Solving a circuit using both the mesh and node analysis

[kstorm19]

Homework Statement

The problem asks to solve for i1, i2, and i3 using the mesh method in the following circuit:

I will also include the link, because I noticed I am having trouble attaching the image to the post: https://imgur.com/a/bBvuLXM

I would also like to confirm the answer by solving using the node analysis.

2. Homework Equations

V=IR

The Attempt at a Solution

First of all, I solved for all three currents using the mesh analysis.
i1 = 5 A
For mesh 2, this is the equation I came up with:
12i2 + 11(i2-i3) + 13 (i2-i1) = 0

And so, using the Node 3:
i3 = 5+ 1/3 Vx
But Vx = 13i3
So i3 = 5 + 13/3 i3
i3= -1.5 A

Going back to equation for mesh 2 and solving for i2:
i2= -1.35 A

So I have:
i1 = 5 A
i2= -1.35 A
i3= -1.5 A

I wanted to confirm these results using the node analysis.

For node 1

(V1-V2)/12 + V1/11 + (V1-V3)/13 = 0

For node 2

(V2-V1)/12 + V2/13 = 5

For node 3

(V3-V1)/13 + 1/3 Vx + 5 = 0

So in this last equation I got a little confused, since when I was setting it up, V3 has the highest potential. If Vx = V1-V3 by looking at the arrow, should I write it that way in the equation, or should I put instead V3-V1?

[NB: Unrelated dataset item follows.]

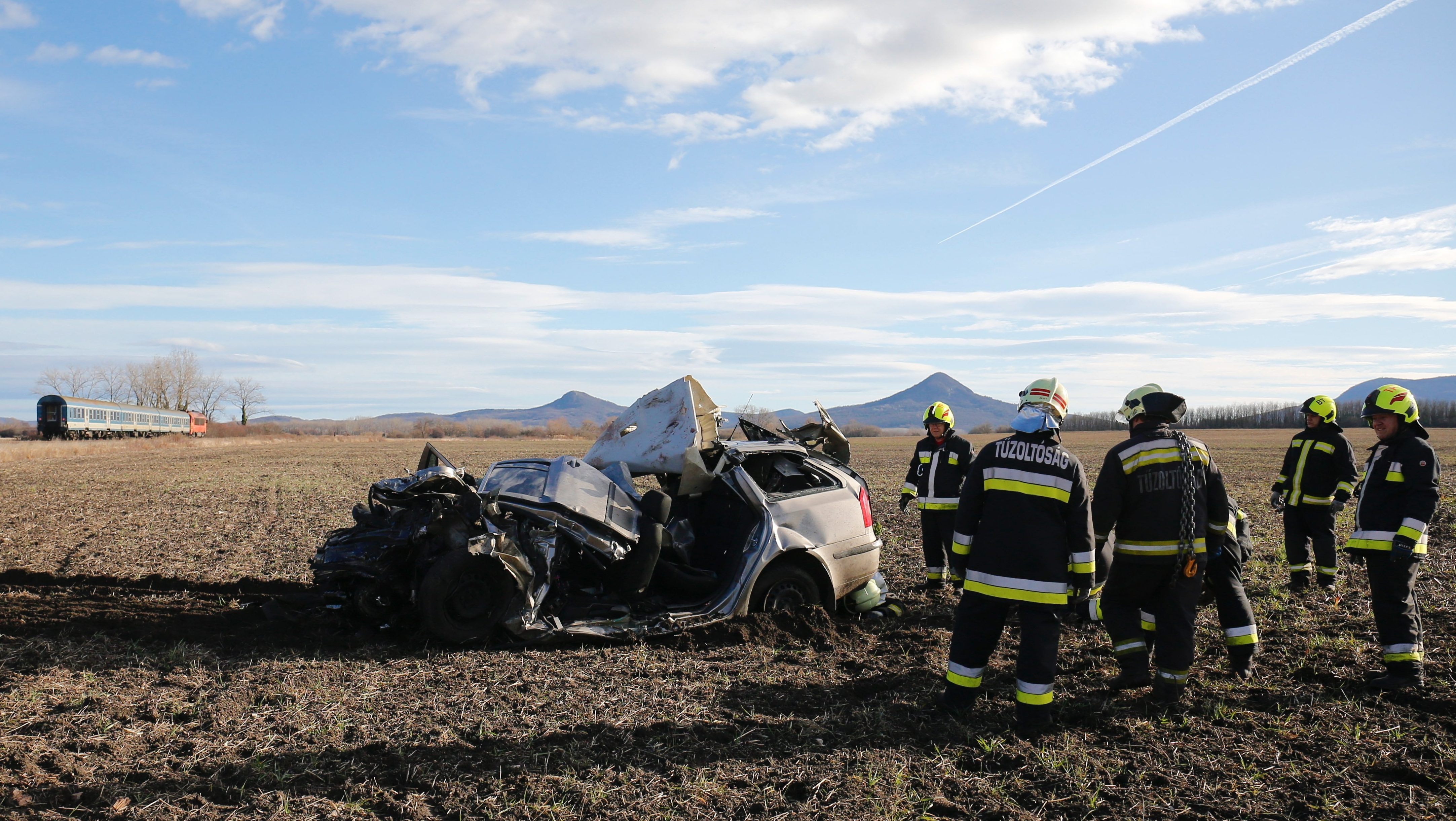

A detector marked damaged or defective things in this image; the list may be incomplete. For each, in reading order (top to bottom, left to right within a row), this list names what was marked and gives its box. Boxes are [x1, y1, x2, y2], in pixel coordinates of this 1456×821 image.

shattered car body [311, 376, 879, 640]
wrecked silver car [313, 376, 891, 643] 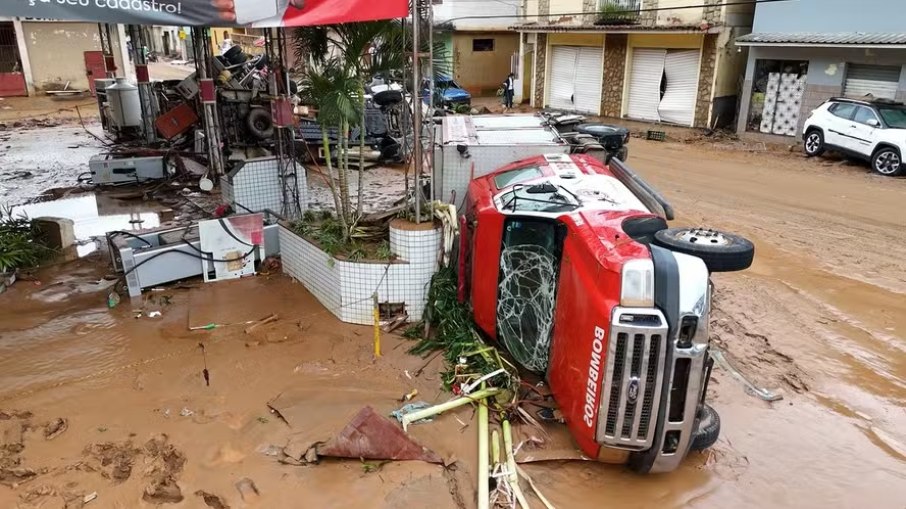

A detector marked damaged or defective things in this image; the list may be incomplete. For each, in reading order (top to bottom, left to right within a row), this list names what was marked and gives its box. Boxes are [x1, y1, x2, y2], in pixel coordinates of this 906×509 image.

I figured that maybe it should be written using V3-V1, so this is how I wrote the equation for node 3:

(V3-V1)/13 + 1/3 (V3-V1) + 5 = 0

Solving these 3 equations, I got:

V1 = 6.036 V
V2 = -0.061 V
V3 = -18.23 V

Now, replacing for Vx, which should be -19.5 V since Vx = 13i3 and i3=-1.5 A, I don't get that answer.

I also tried (V3-V1)/13 + 1/3 (V1-V3) + 5 = 0 for the third node equation in case I was wrong and I got:

V1 = -6.64 V
V2 = -3.21 V
V3 = 12.58 V

Now, subtracting V1-V3 gets me -19.22 V (almost -19.5 V from the mesh analysis).
But looking to confirm that i2=-1.35 A, (V2-V1)/12 doesn´t get me anywhere near that value. Where did I go wrong?

Thank you so much guys for your time and help.

 

[gneill]

So in this last equation I got a little confused, since when I was setting it up, V3 has the highest potential. If Vx = V1-V3 by looking at the arrow, should I write it that way in the equation, or should I put instead V3-V1?

From the circuit diagram, $V_x = V1 - V3$

 

[kstorm19]

From the circuit diagram, $V_x = V1 - V3$

Thank you for clearing my doubt in this part of the problem! I would also like to thank the mod that included my image in the post.

So now I know the second set of equations is the correct one. It is consistent with V1-V3 being -19.5V as Vx=13i3 is -19.5 V as well. What I'm not so sure about is the second current (i2), it definitely doesn´t get me the value that I got using the mesh analysis. What am I missing here? Thank you so much guys for your help.

 

[gneill]

I think that the problem must lie somewhere in your work in solving the simultaneous equations. You'll have to show the step-by-step details for us to critique it.